How to taper glucocorticoids in inflammatory rheumatic diseases? A narrative review of novel evidence in rheumatoid arthritis, systemic lupus erythematosus, and giant cell arteritis

Joint Bone Spine. 2022 Jan;89(1):105285. doi: 10.1016/j.jbspin.2021.105285. Epub 2021 Oct 1.

Abstract

Glucocorticoids (GCs) remain regularly used drugs in patients with chronic inflammatory rheumatic diseases. As long-term intake at high dosages is associated with harm, it is generally advised that GCs be tapered and stopped. However, most recommendations concerning tapering have been eminence- or consensus-based.
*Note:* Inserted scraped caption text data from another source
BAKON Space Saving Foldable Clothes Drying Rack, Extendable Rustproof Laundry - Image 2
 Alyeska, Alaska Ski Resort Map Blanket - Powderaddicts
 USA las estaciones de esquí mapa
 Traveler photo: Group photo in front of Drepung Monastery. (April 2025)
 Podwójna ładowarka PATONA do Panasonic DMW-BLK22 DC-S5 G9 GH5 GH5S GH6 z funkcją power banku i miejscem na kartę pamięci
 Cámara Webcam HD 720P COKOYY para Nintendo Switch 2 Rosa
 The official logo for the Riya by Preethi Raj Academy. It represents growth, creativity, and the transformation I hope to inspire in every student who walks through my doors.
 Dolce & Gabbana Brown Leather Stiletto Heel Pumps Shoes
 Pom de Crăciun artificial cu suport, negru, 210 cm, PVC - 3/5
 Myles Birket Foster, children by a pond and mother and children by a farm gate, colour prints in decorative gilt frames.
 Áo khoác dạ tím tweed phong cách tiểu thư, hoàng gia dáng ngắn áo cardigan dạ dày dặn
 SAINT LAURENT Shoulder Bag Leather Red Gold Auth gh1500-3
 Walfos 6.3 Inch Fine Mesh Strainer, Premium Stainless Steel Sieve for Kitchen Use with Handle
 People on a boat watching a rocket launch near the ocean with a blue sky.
In this narrative review, we present novel data from recent studies (SEMIRA, CORTICOLUP, and GiACTA) shedding light from different angles on the effects of tapering GCs in patients with rheumatoid arthritis (RA), systemic lupus erythematosus (SLE), and giant cell arteritis (GCA). In RA and SLE, our main findings comprise that (a) the majority of RA and SLE patients can successfully taper their GC, but that (b) tapering increases the risk of flare. In GCA, tocilizumab was shown to be a potent GC-sparing agent. Finally, we also present exemplary tapering schemes for RA, SLE, and GCA, although different tapering regimens have not yet been sufficiently compared in randomized trials.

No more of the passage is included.